From 5075d7d1f0aee3eac8518d74a5e9f6226ce5a0d2 Mon Sep 17 00:00:00 2001
From: Yan Feng <fengyan_@mail.ustc.edu.cn>
Date: Thu, 21 Nov 2024 11:05:31 +0800
Subject: [PATCH 1/2] Add a test for ORC write with more than one stripe

Signed-off-by: Yan Feng <fengyan_@mail.ustc.edu.cn>
---
 .../src/main/python/orc_write_test.py              | 14 ++++++++++++++
 1 file changed, 14 insertions(+)

diff --git a/integration_tests/src/main/python/orc_write_test.py b/integration_tests/src/main/python/orc_write_test.py
index ddb69524ac4..d4af4b19636 100644
--- a/integration_tests/src/main/python/orc_write_test.py
+++ b/integration_tests/src/main/python/orc_write_test.py
@@ -91,6 +91,20 @@ def test_write_round_trip(spark_tmp_path, orc_gens, orc_impl):
             data_path,
             conf={'spark.sql.orc.impl': orc_impl, 'spark.rapids.sql.format.orc.write.enabled': True})
 
+@pytest.mark.parametrize('orc_gens', orc_write_gens_list, ids=idfn)
+@pytest.mark.parametrize('orc_impl', ["native", "hive"])
+@allow_non_gpu(*non_utc_allow)
+def test_write_more_than_one_stripe_round_trip(spark_tmp_path, orc_gens, orc_impl):
+    gen_list = [('_c' + str(i), gen) for i, gen in enumerate(orc_gens)]
+    data_path = spark_tmp_path + '/ORC_DATA'
+    assert_gpu_and_cpu_writes_are_equal_collect(
+            # Generate a large enough dataframe to produce more than one stripe(typically 64MB)
+            # Preferably use only one partition to avoid splitting the data
+            lambda spark, path: gen_df(spark, gen_list, 12800, num_slices=1).write.orc(path),
+            lambda spark, path: spark.read.orc(path),
+            data_path,
+            conf={'spark.sql.orc.impl': orc_impl, 'spark.rapids.sql.format.orc.write.enabled': True})
+
 @pytest.mark.parametrize('orc_gen', orc_write_odd_empty_strings_gens_sample, ids=idfn)
 @pytest.mark.parametrize('orc_impl', ["native", "hive"])
 def test_write_round_trip_corner(spark_tmp_path, orc_gen, orc_impl):

From d51c3ad976a0d380999e714f535e958ed6bd7e33 Mon Sep 17 00:00:00 2001
From: Yan Feng <fengyan_@mail.ustc.edu.cn>
Date: Thu, 21 Nov 2024 17:41:31 +0800
Subject: [PATCH 2/2] Mark the test case as xfail due to known issue #11736

Signed-off-by: Yan Feng <fengyan_@mail.ustc.edu.cn>
---
 integration_tests/src/main/python/orc_write_test.py | 8 ++++----
 1 file changed, 4 insertions(+), 4 deletions(-)

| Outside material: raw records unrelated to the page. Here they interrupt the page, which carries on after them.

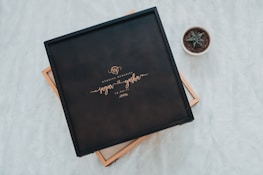 A black box with elegant lettering sits on a soft white surface. The box is labeled 'Wedding Memories' along with the names 'Sagar' and 'Yasha' and a date. To the side, a small potted succulent plant adds a touch of nature.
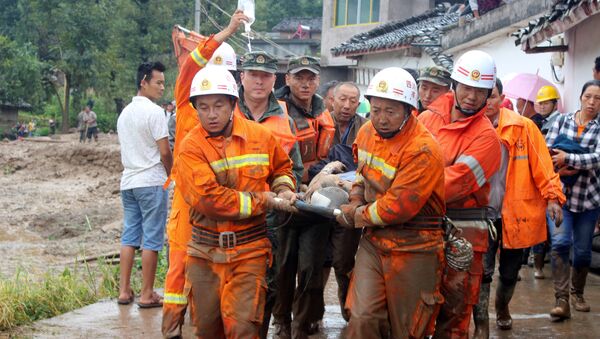 Rescue workers carry an injured villager at the site of a landslide that occurred in Gengdi village, Puge county, Sichuan province, China August 8, 2017 - Sputnik International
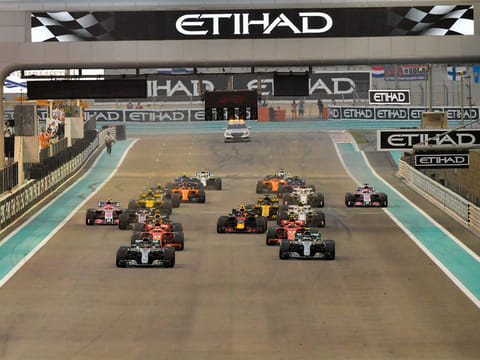 Lewis Hamilton leads the pack at the start of Formula 1 Abu Dhabi Grand Prix at the Yas Marina circuit. 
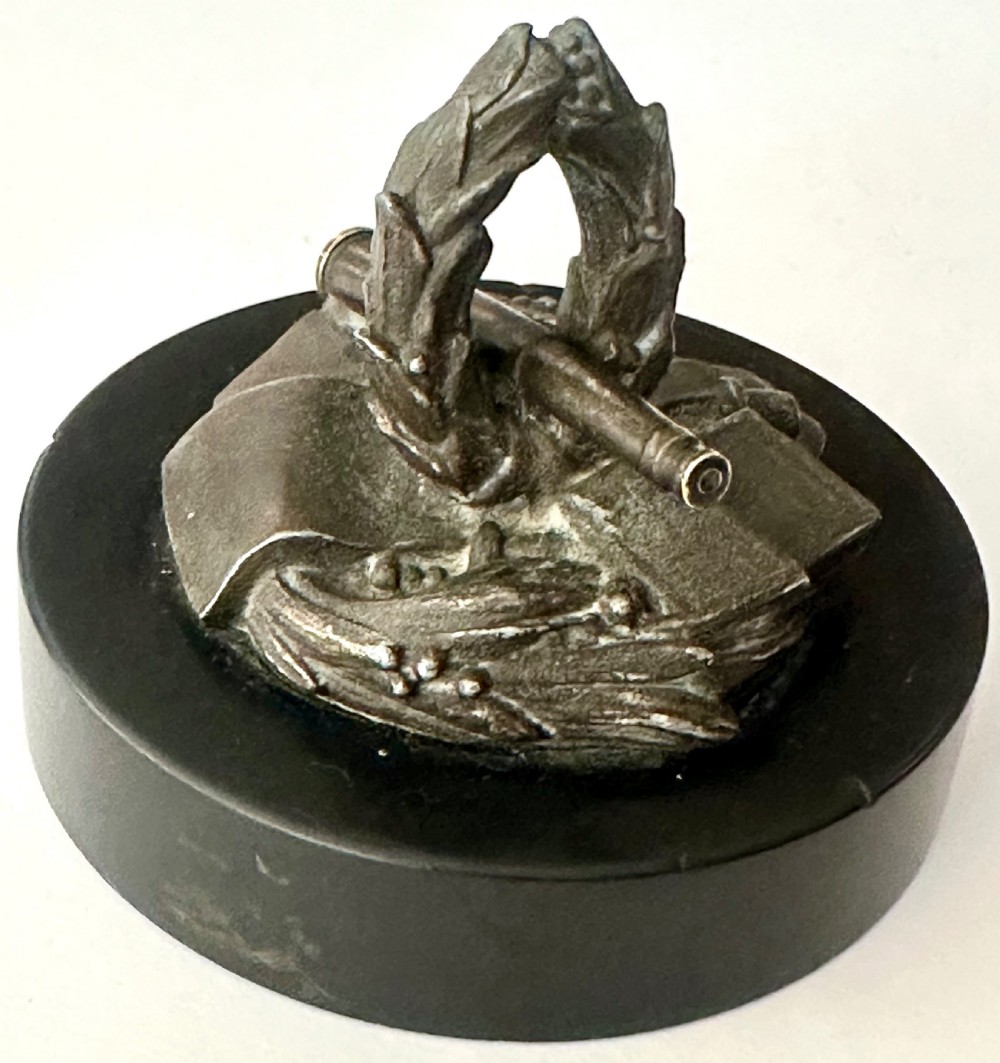 A small bronze military-themed sculpture featuring a laurel wreath, telescope, books, and scroll mounted on a circular black base. View II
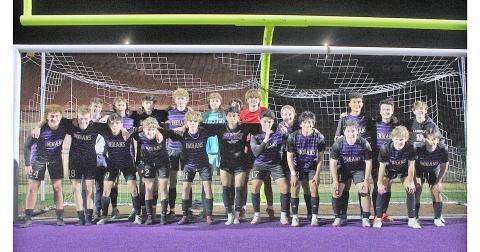 The LCHS varsity boys team celebrates following their big win over Calhoun.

diff --git a/integration_tests/src/main/python/orc_write_test.py b/integration_tests/src/main/python/orc_write_test.py
index d4af4b19636..c830d585693 100644
--- a/integration_tests/src/main/python/orc_write_test.py
+++ b/integration_tests/src/main/python/orc_write_test.py
@@ -91,14 +91,14 @@ def test_write_round_trip(spark_tmp_path, orc_gens, orc_impl):
             data_path,
             conf={'spark.sql.orc.impl': orc_impl, 'spark.rapids.sql.format.orc.write.enabled': True})
 
-@pytest.mark.parametrize('orc_gens', orc_write_gens_list, ids=idfn)
+@pytest.mark.parametrize('orc_gen', [pytest.param(boolean_gen, marks=pytest.mark.xfail(reason='https://github.com/NVIDIA/spark-rapids/issues/11736'))], ids=idfn)
 @pytest.mark.parametrize('orc_impl', ["native", "hive"])
 @allow_non_gpu(*non_utc_allow)
-def test_write_more_than_one_stripe_round_trip(spark_tmp_path, orc_gens, orc_impl):
-    gen_list = [('_c' + str(i), gen) for i, gen in enumerate(orc_gens)]
+def test_write_more_than_one_stripe_round_trip(spark_tmp_path, orc_gen, orc_impl):
+    gen_list = [('_c0', orc_gen)]
     data_path = spark_tmp_path + '/ORC_DATA'
     assert_gpu_and_cpu_writes_are_equal_collect(
-            # Generate a large enough dataframe to produce more than one stripe(typically 64MB)
+            # Generate a large enough dataframe to produce more than one stripe
             # Preferably use only one partition to avoid splitting the data
             lambda spark, path: gen_df(spark, gen_list, 12800, num_slices=1).write.orc(path),
             lambda spark, path: spark.read.orc(path),